Modeling Human Eye Movements with Neural Networks in a Maze-Solving Task
This work addresses the problem of understanding computational objectives in human eye movements for researchers in cognitive science and AI, offering a generative model and theory for a specific task.
The researchers tackled the challenge of modeling human eye movements in a maze-solving task by collecting data and building deep generative models, finding that eye movements are best predicted by a model optimized for internal simulation of an object traversing the maze, suggesting humans use mental simulation to solve the task.
From smoothly pursuing moving objects to rapidly shifting gazes during visual search, humans employ a wide variety of eye movement strategies in different contexts. While eye movements provide a rich window into mental processes, building generative models of eye movements is notoriously difficult, and to date the computational objectives guiding eye movements remain largely a mystery.
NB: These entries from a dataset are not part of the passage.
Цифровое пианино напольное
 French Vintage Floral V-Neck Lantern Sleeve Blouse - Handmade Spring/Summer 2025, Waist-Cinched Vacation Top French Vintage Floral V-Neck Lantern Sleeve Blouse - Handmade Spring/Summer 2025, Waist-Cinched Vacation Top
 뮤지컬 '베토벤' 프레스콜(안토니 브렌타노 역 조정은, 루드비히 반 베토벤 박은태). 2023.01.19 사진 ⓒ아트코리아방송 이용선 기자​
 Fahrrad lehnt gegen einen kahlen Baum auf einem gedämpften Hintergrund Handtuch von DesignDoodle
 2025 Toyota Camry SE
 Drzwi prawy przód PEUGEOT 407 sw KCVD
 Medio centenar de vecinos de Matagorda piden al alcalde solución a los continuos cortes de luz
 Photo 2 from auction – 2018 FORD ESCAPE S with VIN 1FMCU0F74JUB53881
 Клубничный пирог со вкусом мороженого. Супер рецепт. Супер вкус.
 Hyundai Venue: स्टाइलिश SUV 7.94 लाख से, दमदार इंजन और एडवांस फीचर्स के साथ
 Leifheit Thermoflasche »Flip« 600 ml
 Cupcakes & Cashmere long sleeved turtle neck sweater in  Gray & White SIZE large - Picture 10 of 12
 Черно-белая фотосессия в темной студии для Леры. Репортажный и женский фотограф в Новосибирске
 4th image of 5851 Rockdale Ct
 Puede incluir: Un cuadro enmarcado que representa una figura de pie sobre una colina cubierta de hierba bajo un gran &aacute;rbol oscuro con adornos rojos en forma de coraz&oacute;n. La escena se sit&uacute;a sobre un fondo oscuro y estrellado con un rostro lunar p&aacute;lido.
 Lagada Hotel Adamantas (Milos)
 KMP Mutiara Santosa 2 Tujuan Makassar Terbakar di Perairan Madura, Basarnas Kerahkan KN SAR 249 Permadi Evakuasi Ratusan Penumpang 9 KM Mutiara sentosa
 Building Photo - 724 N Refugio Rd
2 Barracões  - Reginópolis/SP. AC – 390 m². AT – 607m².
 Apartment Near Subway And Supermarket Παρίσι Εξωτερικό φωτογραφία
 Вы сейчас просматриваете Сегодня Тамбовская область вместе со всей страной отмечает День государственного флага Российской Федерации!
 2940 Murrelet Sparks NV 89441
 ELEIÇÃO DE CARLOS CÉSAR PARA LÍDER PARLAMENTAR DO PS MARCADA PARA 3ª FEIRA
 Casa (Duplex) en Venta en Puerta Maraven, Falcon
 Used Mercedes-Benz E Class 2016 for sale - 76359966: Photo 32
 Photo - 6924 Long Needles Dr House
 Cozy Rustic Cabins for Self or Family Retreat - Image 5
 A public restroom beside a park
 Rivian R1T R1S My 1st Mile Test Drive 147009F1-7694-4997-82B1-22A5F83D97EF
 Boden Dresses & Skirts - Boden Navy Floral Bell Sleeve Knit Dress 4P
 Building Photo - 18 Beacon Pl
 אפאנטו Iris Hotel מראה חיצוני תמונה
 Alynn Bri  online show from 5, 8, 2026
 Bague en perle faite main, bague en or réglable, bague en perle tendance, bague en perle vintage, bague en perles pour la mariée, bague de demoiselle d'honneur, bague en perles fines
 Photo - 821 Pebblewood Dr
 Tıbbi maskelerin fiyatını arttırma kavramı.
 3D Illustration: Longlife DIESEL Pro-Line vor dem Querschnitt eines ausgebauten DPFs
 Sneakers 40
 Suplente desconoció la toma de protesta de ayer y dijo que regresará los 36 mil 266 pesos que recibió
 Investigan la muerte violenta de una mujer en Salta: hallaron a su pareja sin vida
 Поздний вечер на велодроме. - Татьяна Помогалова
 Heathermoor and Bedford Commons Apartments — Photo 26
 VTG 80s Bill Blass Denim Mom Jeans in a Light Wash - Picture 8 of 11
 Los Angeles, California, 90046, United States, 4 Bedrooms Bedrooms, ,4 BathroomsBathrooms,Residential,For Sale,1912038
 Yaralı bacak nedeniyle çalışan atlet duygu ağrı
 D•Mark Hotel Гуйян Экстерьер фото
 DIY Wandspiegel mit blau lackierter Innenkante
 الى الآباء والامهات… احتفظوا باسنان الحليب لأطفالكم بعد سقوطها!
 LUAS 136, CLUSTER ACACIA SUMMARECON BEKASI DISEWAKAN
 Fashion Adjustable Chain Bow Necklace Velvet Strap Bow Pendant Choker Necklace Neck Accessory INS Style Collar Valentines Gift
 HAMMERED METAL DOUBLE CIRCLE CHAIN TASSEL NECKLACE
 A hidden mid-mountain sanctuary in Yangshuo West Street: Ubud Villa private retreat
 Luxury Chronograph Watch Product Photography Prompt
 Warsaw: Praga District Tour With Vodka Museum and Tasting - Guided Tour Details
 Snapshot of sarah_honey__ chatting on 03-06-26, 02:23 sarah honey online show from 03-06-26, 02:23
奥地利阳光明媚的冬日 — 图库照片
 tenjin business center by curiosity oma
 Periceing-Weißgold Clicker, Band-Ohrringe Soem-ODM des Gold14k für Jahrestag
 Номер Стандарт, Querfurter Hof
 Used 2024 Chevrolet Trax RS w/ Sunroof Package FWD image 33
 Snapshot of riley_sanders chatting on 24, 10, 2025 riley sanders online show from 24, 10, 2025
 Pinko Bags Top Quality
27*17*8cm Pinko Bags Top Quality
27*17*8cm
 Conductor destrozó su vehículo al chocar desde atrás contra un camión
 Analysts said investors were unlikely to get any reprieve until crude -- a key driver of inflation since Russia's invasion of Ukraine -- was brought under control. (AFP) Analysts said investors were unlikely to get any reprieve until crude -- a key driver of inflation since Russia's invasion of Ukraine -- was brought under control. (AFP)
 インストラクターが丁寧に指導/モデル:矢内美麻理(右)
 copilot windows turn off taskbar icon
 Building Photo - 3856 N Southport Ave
In this work, we tackled these problems in the context of a canonical spatial planning task, maze-solving. We collected eye movement data from human subjects and built deep generative models of eye movements using a novel differentiable architecture for gaze fixations and gaze shifts. We found that human eye movements are best predicted by a model that is optimized not to perform the task as efficiently as possible but instead to run an internal simulation of an object traversing the maze. This not only provides a generative model of eye movements in this task but also suggests a computational theory for how humans solve the task, namely that humans use mental simulation.